Gymnastics and dancing—on horseback?

Girl fulfills ‘trick riding’ dream with vaulting

Linda Petersen

Staff writer


FAIRVIEW—Like many Sanpete County girls, Shaylee Swapp lives to ride horses.

But Shaylee, 14, doesn’t just ride them. As an equestrian vaulter, she performs complex routines on the backs of moving horses. It’s something she has been doing for more than three years.

It all started when Shaylee’s mom Cheryl looked out the back window of their house and saw Shaylee standing on the back of her horse, Princess Chloe, while the horse was in motion.

When she ran out and asked Shaylee just what she was doing, her daughter replied, “I’m going to be a trick rider.”

Deciding that if Shaylee was going to be a trick rider she was going to do it right (and safely), Cheryl began to look at training options. Her research on that subject led them to Oak Hills stables in Salem, just one of two programs in Utah (the other is in Salt Lake City) that offer equestrian vaulting.

Equestrian vaulting is a combination of dancing and gymnastics performed while the horse is in motion. From the beginning, Shaylee absolutely loved it.

“I started at a walk. It was a lot harder than I thought it would be,” she said.

Like Shaylee, beginning vaulters perfect their routines, which can include rolling, standing, standing backward and even sideways, on a walking horse. They then move up to working on a trotting horse. Beyond that there are four levels (copper, bronze, silver and gold) to be accomplished where the horse canters. The vaulter is then known as a canter vaulter.

Shaylee, who is coached by Kylynn James, recently moved up to bronze from copper more quickly than is typical. She is always practicing and learning new moves. Shaylee generally works with two horses, Loki, a draft horse, and Peterbilt, a warm blood. Costumes for the sport are designed to be formfitting so as not to hinder the movements of either rider or horse. Generally, they’re made of spandex, Shaylee said.

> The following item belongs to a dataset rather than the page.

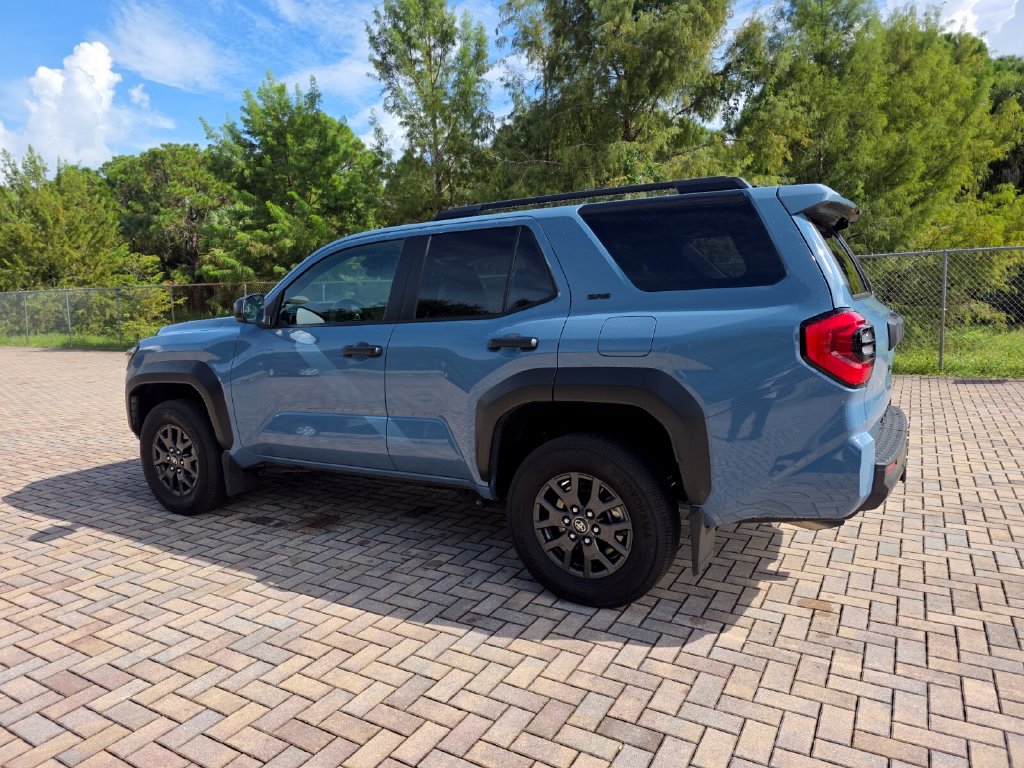 Certified 2026 Toyota 4Runner SR5 AWD/4WD image 9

Shaylee has competed in several competitions across the country and is currently preparing to participate in the Canada Cup, May 25-28. She also plans to compete in the vault in Spanish Fork (where she took fourth overall last year), Wintergreen in Colorado and the American Vaulting Association competition in South Jordan in August.

All that traveling and training can be expensive, so Shaylee has come up with some fundraisers that can be found on her Facebook page, “Shaylee’s going international.” She hopes to raise $4,500 to be able to compete in all four competitions—all as part of her path to what she hopes is world status. She hopes to be able to compete for the world cup at the World Junior Vaulting Championships in 2018.

In the meantime, Shaylee, a freshman at North Sanpete High School, spends her Wednesday evenings and Saturday mornings curled up on the back of a horse instead of a couch, not checking her texts or reading a book, but perfecting new techniques. And on Tuesday evenings she coaches younger vaulters.

“I like helping them come up with new moves and techniques to improve,” she said.

When she isn’t vaulting, at school, or doing homework Shaylee spends every moment she can with one of her three horses, Spark, CeeCee and Abby, barrel racing or training them at the Contoy Arena in Mt. Pleasant.

“It’s just a fun little time to go and have fun,” she said of her barrel racing every other Monday.

Cheryl Swapp, who has three other kids, James, 19, Cassie, 17 (Sanpete County Fair Rodeo Sweetheart 2016) and Thomas, 11, and also has primary responsibility for getting Shaylee to and from practices, said it’s just part of what she does to support her kids.

“If my kids take an interest in stuff, I do what I can to support them,” she said. “I want her to succeed, to reach her goals.”